CARAVAN, TRAIN AND INLAND WATERWAY TRANSPORT ARE THE SAME BY NATURE, AS FAR AS PARTIAL SHIPMENTS ARE CONCERNED
Dear VijayLal, before we answer your question, would you consider the following train transport or tug boat transport situations, which are the same as our caravan situation.
(1) The existing ICC opinion considers that transport by placing cargoes in different carriages pulled by the same locomotive is not considered as a partial shipment. If it were considered as a partial shipment, then all shipments by train should allow for partial shipments or train transport would not be possible. Is this silly?
(2) When the train passes through a high bridge running across a deep valley and the hook connecting the last carriage breaks down. The loosen carriage falls down the valley with the cargo and everything is broken into pieces.
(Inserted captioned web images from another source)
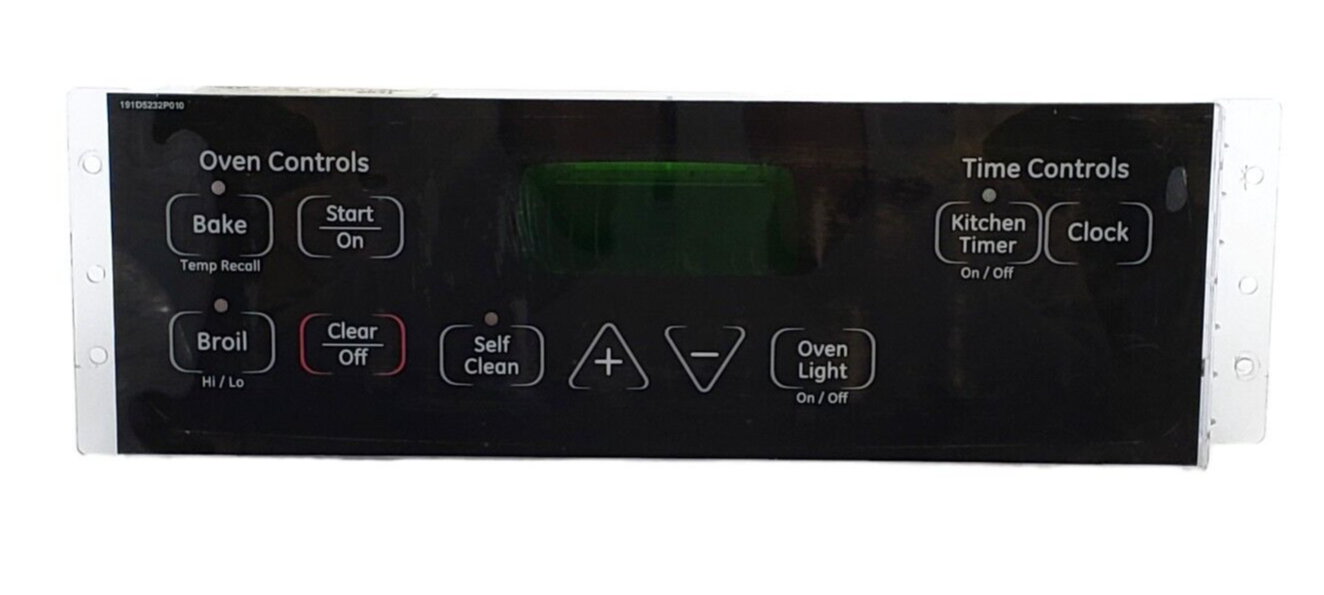 Genuine GE Range Control Board 191D3776P008 Same Day Shipping & 60 Days Warranty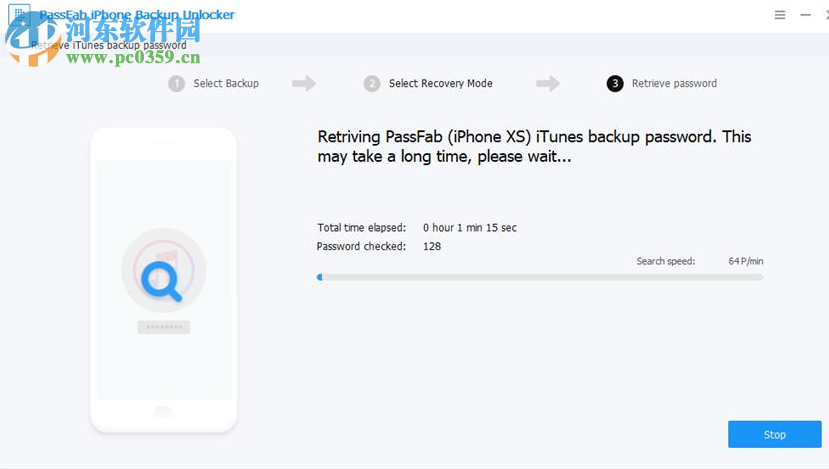 Passfab iPhone Backup Unlocker(苹果备份解锁工具) 2.4.0.1 官方版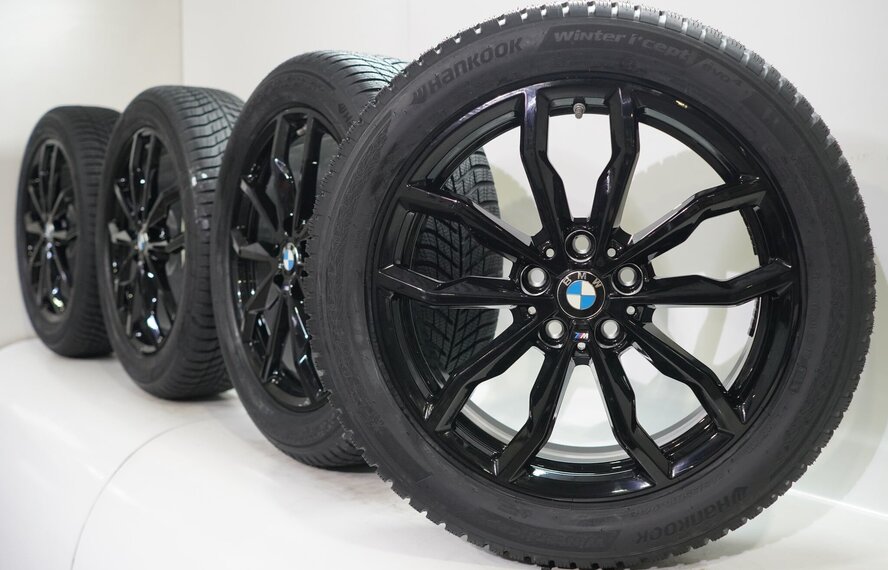 BMW BMW X1 F48 X2 F39 711M 18 Zoll Felgen Hankook Winterkompletträder Neu Original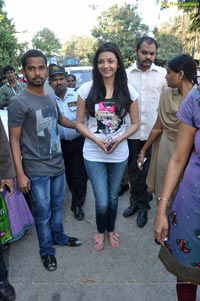 Kajal Agarwal MNJ Cancer Hospital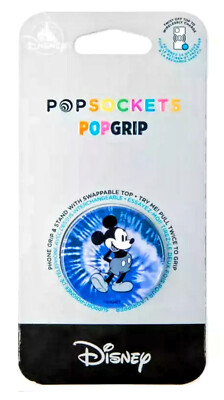 PopSockets Disney Mickey Mouse Tie Dye Phone Grip Pop Socket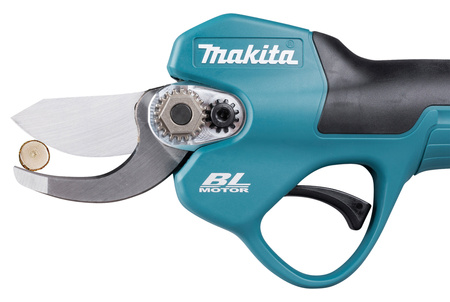 Makita Akumulatorowy sekator ogrodniczy DUP180T001 18V LXT, 1 x akumulator 18V 5,0 Ah BL1850B, ładowarka DC18WC
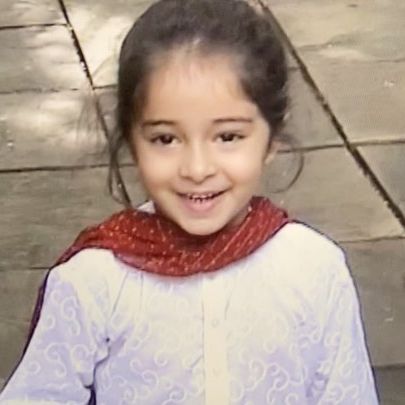 Ananya Pandey childhood photo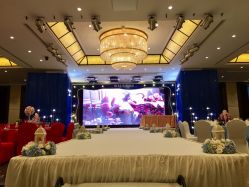 -M'S BANQUET AND SPACE ART
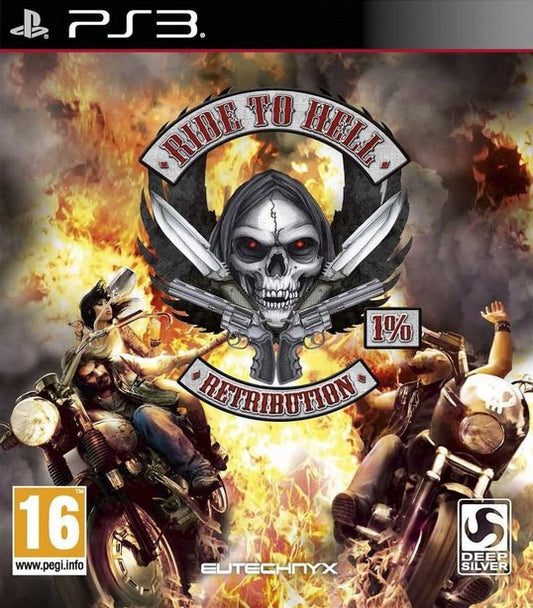 Ride to Hell Retribution PLAYSTATION 3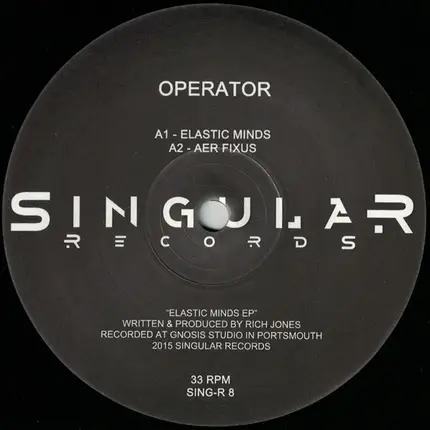 Operator - Elastic Minds Ep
(3) In this case the result is the same with train "shipment" (not using ships) as in caravan transport as you have pointed out. Then why should the answer be not the same, when the cargo is "shipped" by train and by caravan?
What about two or three barges linked up together and powered by a tug boat in the inland waterway carriage?
Of course, you may "visualize" each truck as a separate "means of conveyance". But common sense tells us that the caravan, inland waterway transport by tug boat and train are the same by nature, as far as "group transport" is concerned.
We may have "parital loss" but not "partial shipment" in a caravan transport.
By the way, when we talk about partial shipments, we are more concerned about the timing of the shipments. That means partial shipments are made at different periods of time, rather than made at the same time, on the sme route and towards the same destination.
So caravan transport is a "new" (as far as UCP is concerned but not new in the transport community) concept not readily understood by non transport community.
Since you are also living in Canada, do you see two or three container trucks carrying goods from the same shipper (warehouse of Canadian Tire or Loblaws supermarket in a more remote location) to the same consignee (a branch in your area). Do you consider them as partial shipments? Please try to ask the same question to the staff working in Canadian Tire and Loblaws and see what you would get.
OUR ADVICE
If one wishes to be a super DC expert, one's thoughts should not be bound by the UCP 500 Articles. Otherwise you are only a slave of the UCP 500 and nothing more.
Use your common sense. It never fails you and it needs not be updated every ten years. For example, in the UCP 400, if the DC is silent, it is revocable. But in the UCP 500, silence means irrevocable. Finally the UCP 500 finds its own common sense.
That is what common sense is all about. We bet that the UCP 2005 would deem caravan transport not as partial shipments. Le us wait and see.